§ GOAL OF THE EXERCISE:
Your reply is to be the lines below, exactly as written, with images omitted.

== COLLECTED DATA

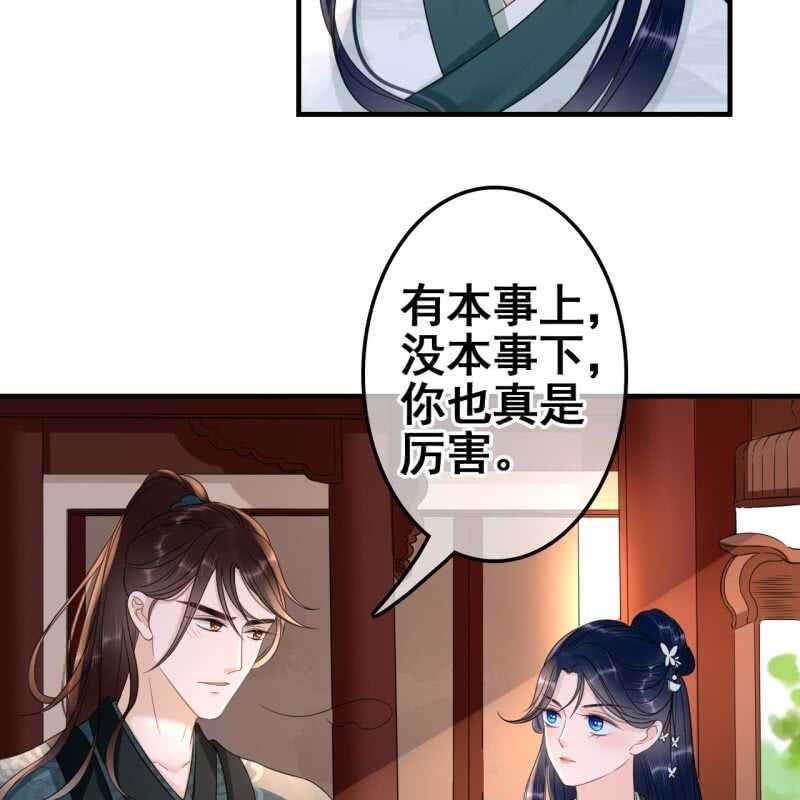 第67话(1/2)-第69话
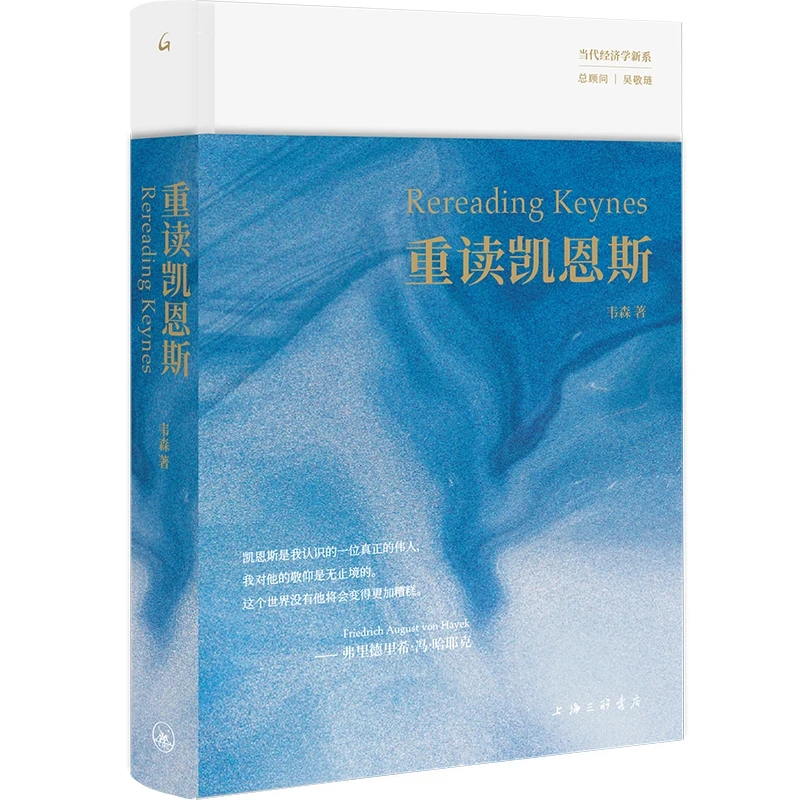 博库 重读凯恩斯 书籍 正版图书推荐 上海三联书店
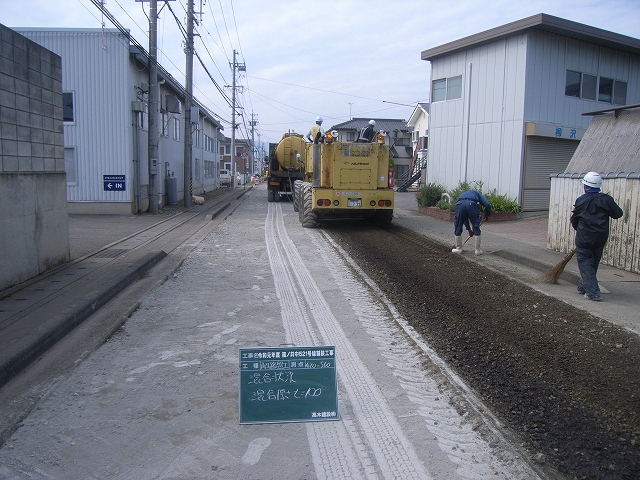 篠ノ井中521号線舗装工事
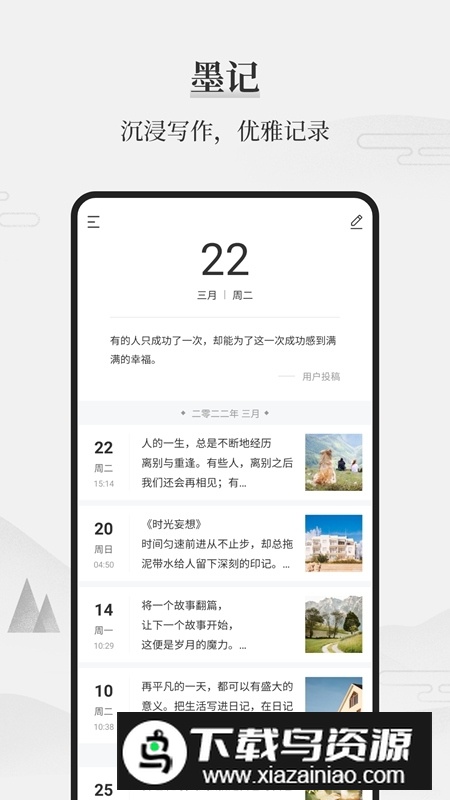 墨记日记手机版最新版截图1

====

§ RESPONSE TO THE EXERCISE:
 第67话(1/2)-第69话
 博库 重读凯恩斯 书籍 正版图书推荐 上海三联书店
 篠ノ井中521号線舗装工事
 墨记日记手机版最新版截图1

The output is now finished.